Looking forward to other’s thoughts, especially with respect to how unique (or not) the nature of progress in Deep Learning is relative to other areas. It might also be fun to consider other prominent examples of “dark matter” of progress (or conversely—what progress required the least of it). Cheers, -Andrej
I think you’re right about “dark matter,” and precision machining is exactly the first example of it that leapt to mind. E.g., Watt was having a hard time getting his improved steam engine to work reliably, because without a very good fit between the piston and cylinder, steam pressure would be lost. The problem was solved by Wilkinson, who had developed a special technique for boring canons that could be applied to cylinders for engines. This story is told toward the beginning of Simon Winchester’s book The Perfectionists (sold in the UK under the title Exactly, I think).
I gave a related example about the non-obvious importance of precision manufacturing in my essay “Why did we wait so long for the threshing machine?”
Another one that comes to mind is chemical synthesis. Think about how much in the chemical and pharmaceutical industries relies on our ability to synthesize chemicals. And yet, this is rarely discussed even in books on the history of technology. Every once in a while I marvel that we can just synthesize molecules. How do we do that? And how did we learn to do that?!
Or, consider the semiconductor industry. To even invent, say, the transistor, we needed the ability to make n-type and p-type silicon. I haven’t dug into it yet, but it must have required sophisticated materials processes to perform the appropriate doping of boron and phosphorus, which are present in the silicon in minute quantities.
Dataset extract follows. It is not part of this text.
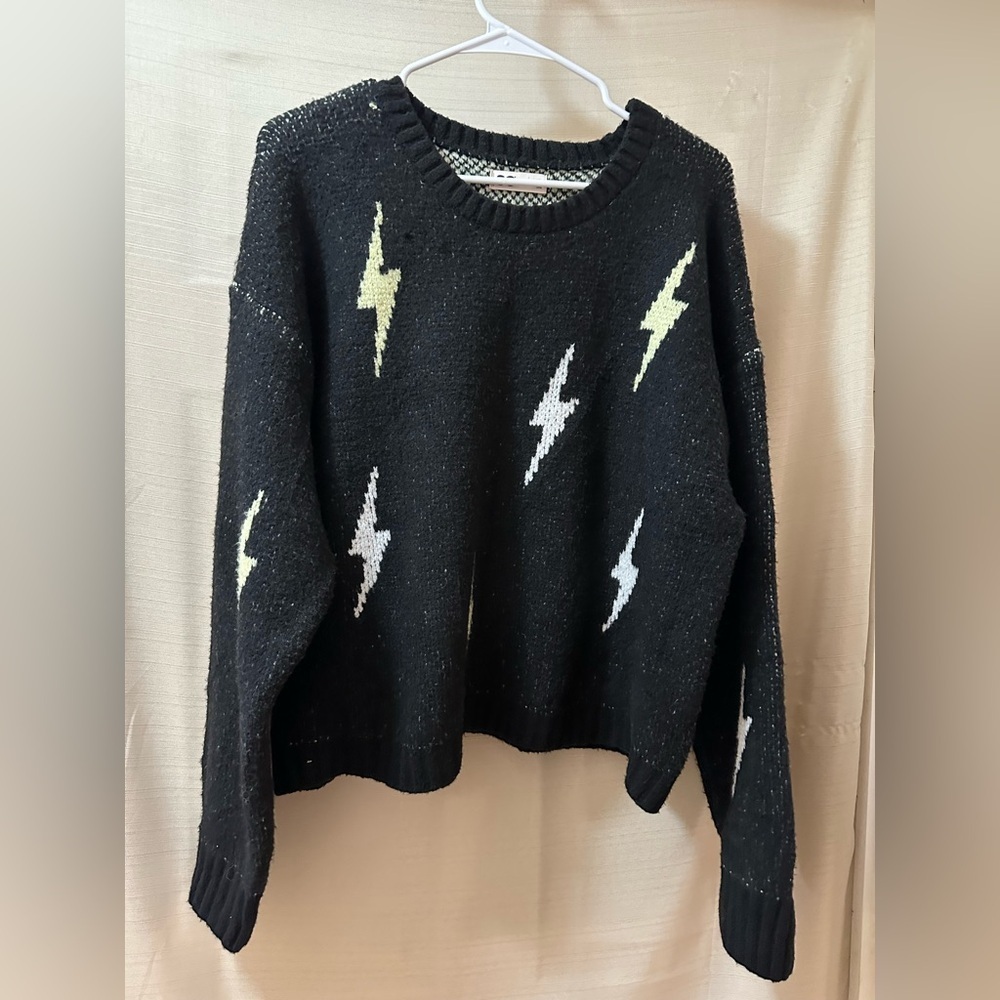 SO Black Lightning Bolt Sweater Women’s XL Oversized Graphic Cozy Knit Grunge
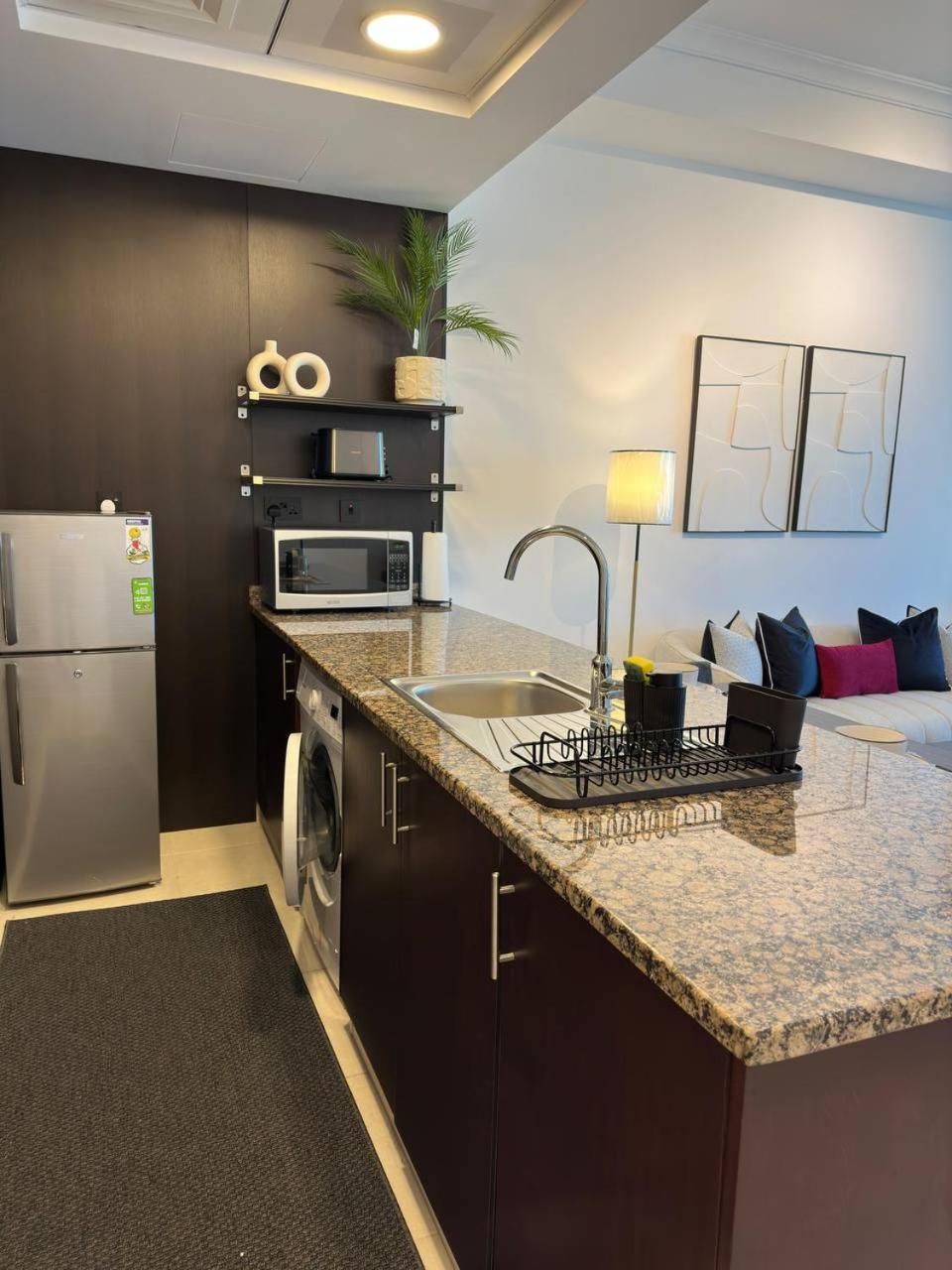 Apartamento Stylish 5 Minutes Away By Car From Burj Khalifa *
One more: When I looked into the history of smallpox vaccines, I found that there was a lot of iteration after the initial vaccine to improve safety, storability, and transportability:
Think about all of the underlying technologies that are required to invent and scale up something like freeze drying. Progress is highly interconnected; it compounds.
Re: other examples—true interchangeable parts, which was a major manufacturing advance, required a lot of advances in precision manufacturing. It had been attempted as early as the early 1700s, and was made much more feasible/cost effective by the invention of high-speed tool steel in the late 1800s, which made it possible to machine heat-treated parts. Interchangeable parts was, among other things, one of the technologies that made Ford’s assembly line possible (iirc, Ford was the very first car manufacturer to use interchangeable parts.) But as late as the 1940s, it was still expensive to get true interchangeability, and wasn’t always used.
I’ve looked mostly at progress from an energy lens, and I think the upper bound constraint for progress is relevant there too.
Coal was restricted largely to space heating until the steam engine, which itself was restricted to stationary applications until the steam locomotive. Oil’s first beachhead was kerosene lamps, decades before internal combustion engines were commercialized. Electricity needed the build out of vast, centralized grids and large coal and hydro power stations. I wrote more about this in this section of a recent long read.
I’m also very interested in the question of how to best accelerate the “dark matter” ecosystem and fast track the next AlexNet in whatever domain it happens to be. I too would be interested to see examples of domains that require minimal infrastructure and dark matter.
I know it might be a heretical question on this forum, but do we really need to accelerate AI? Isn’t there some point at which we can say “fast enough”? Like if we could press a button a make AGI appear today, would be wise to press that button? Are we truly ready for the consequences of what would arguably be the most important moment in our entire history? Aren’t there enough other things in society that we could fix instead?